Required work. Your reply should consist only of the lines from the one with "Jolre Macchina da" through the end of the entries, transcribed exactly. Pictures stay out.
----- Given entries -----
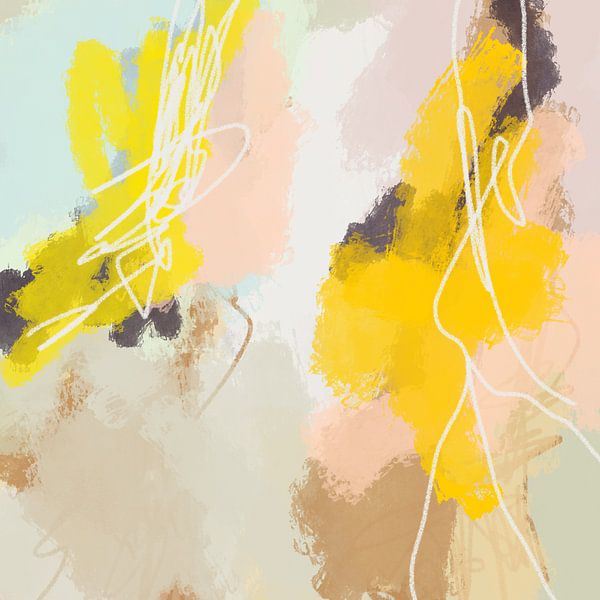 Moderne abstrakte bunte Malerei in Pastellfarben. Gelb, weiß, rosa, beige, hellblau von Dina Dankers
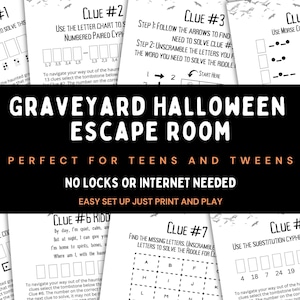 Halloween Escape Room Game Printable, Escape Room Kit, Escape the Graveyard Halloween Puzzle, Halloween Teen Games, Escape Room Party Game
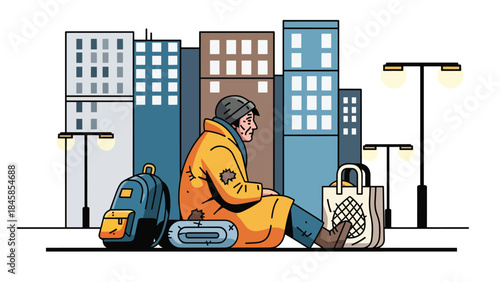 Homeless people living on city streets illustrated in modern flat vector style, highlighting social inequality, ideal for charity, social research, and awareness projects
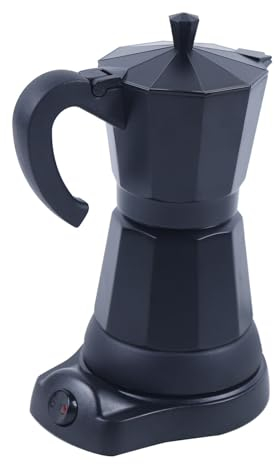 Jolre Macchina da caffè elettrica da 300 ml, macchina per espresso, 6 tazze, caffettiera per caffè espresso moka con fondo separato, in alluminio nero.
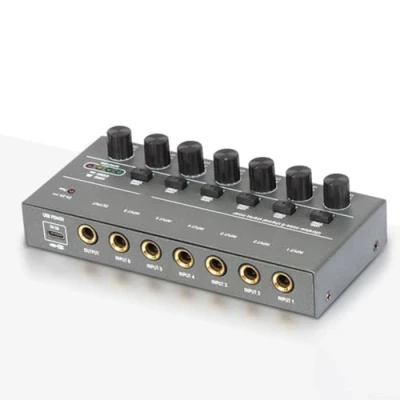 Abbildung von Studio Audio Stereo Mixer, verbessert für Ultra Low Noise 4/6/8 Kanäle Line Mixer Sound Power Audios mit Metallgehäuse (6 Kanal)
-----
Answer space.
 Jolre Macchina da caffè elettrica da 300 ml, macchina per espresso, 6 tazze, caffettiera per caffè espresso moka con fondo separato, in alluminio nero.
 Abbildung von Studio Audio Stereo Mixer, verbessert für Ultra Low Noise 4/6/8 Kanäle Line Mixer Sound Power Audios mit Metallgehäuse (6 Kanal)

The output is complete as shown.